Meet Tyrone Ross – CHC’s new Student President
Tyrone Ross wants to tell the world that community college is the right choice to make. And he’s about to deliver that message on a huge platform thanks to his role as the newest associated student president for Crafton Hills College.
The 21-year-old Redlands man was appointed to the position prior to the start of the new school year and already has his goals laid out.
“I want students to realize – especially younger students – that community college is a good thing and not a bad thing to pursue,” said Ross. “I believe we live in a society where college can be a huge expense for many, but a community college helps you go through college without breaking the bank and helps elevate your status.”
Ross’ own story is relatable to many.
Originally from Pittsburgh, Penn., Ross wanted to attend college and play football after graduating from high school. But after he ran into some financial troubles due to out-of-state tuition costs, those goals were temporarily put on the backburner.
Ross started working at a local warehouse to save enough money to go back to school. In the Spring of 2020, he will graduate from Crafton with an associate degree in communications and a plan to continue his studies at a four-year institution where he’ll receive a bachelor’s in communications with a minor in international business.

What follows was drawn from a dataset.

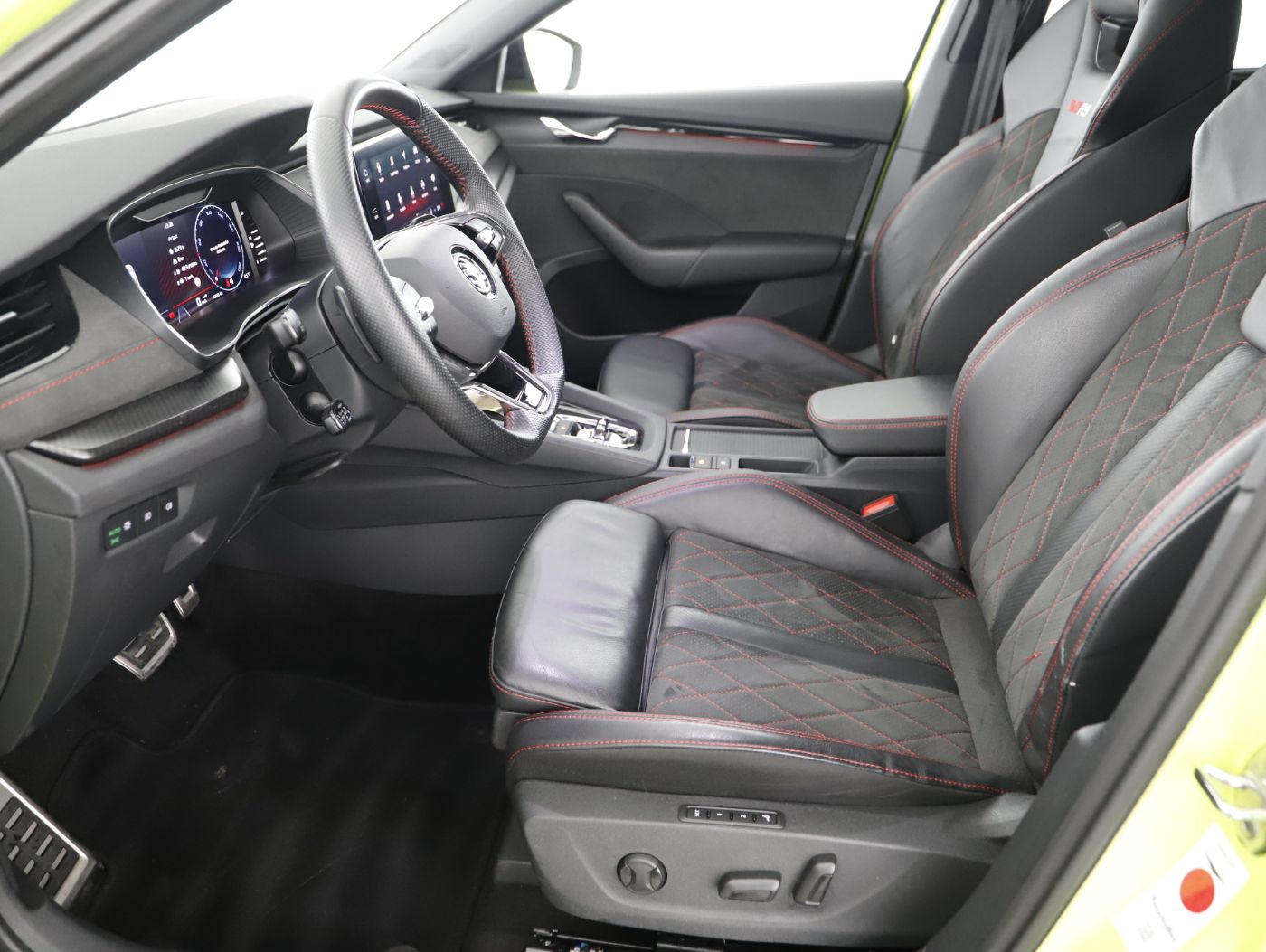 Skoda Octavia Combi 2.0 TDI 4x4 RS | Bild 10 von 27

The road to success may have been a bumpy one for Ross, but he wants to reach out to those with similar challenges and encourage them to pursue higher learning by looking at the “bigger picture.”
“If I can find a way to afford college, you can, too,” he said. “You have to think outside of the box sometimes because nothing comes easy. It takes a lot of thinking and determination to see it through, but it’s worth it.”

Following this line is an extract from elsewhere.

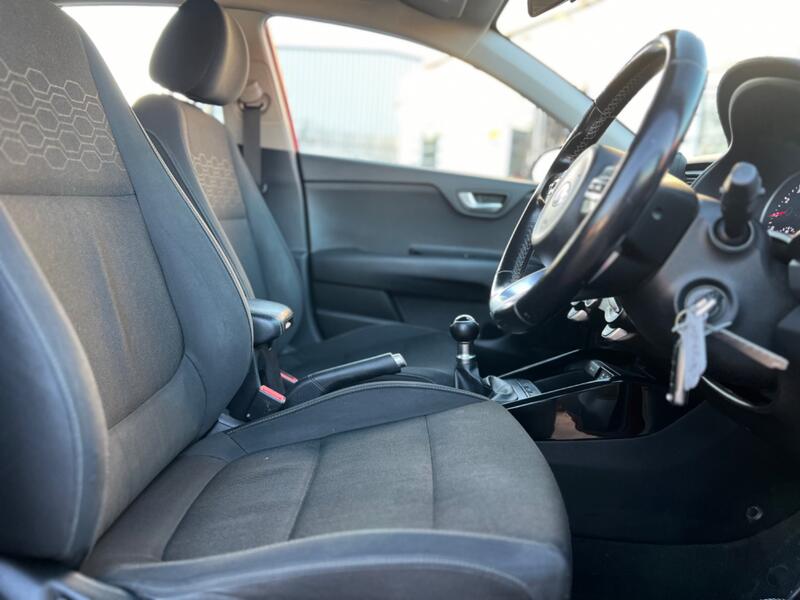 KIA RIO 1.3 2 2017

Not only does Ross want to bring attention to the work being done at CHC, but he also wants to develop a “Buddy System” that would help incoming students find their footing and excel in their studies. He also wants to be the voice for those “stuck in the middle,” particularly students who do not qualify for the California Promise program.
“There are students that due to personal events and other reasons don’t qualify for financial aid. Everyone looks at the top and bottom, but no one looks at the middle,” Ross explains. “Anything that’s worthwhile has a price. We’re all going to have struggles at times, but you have to persevere through that. If you can persevere and make it through those struggles, there’s light at the end of the tunnel.”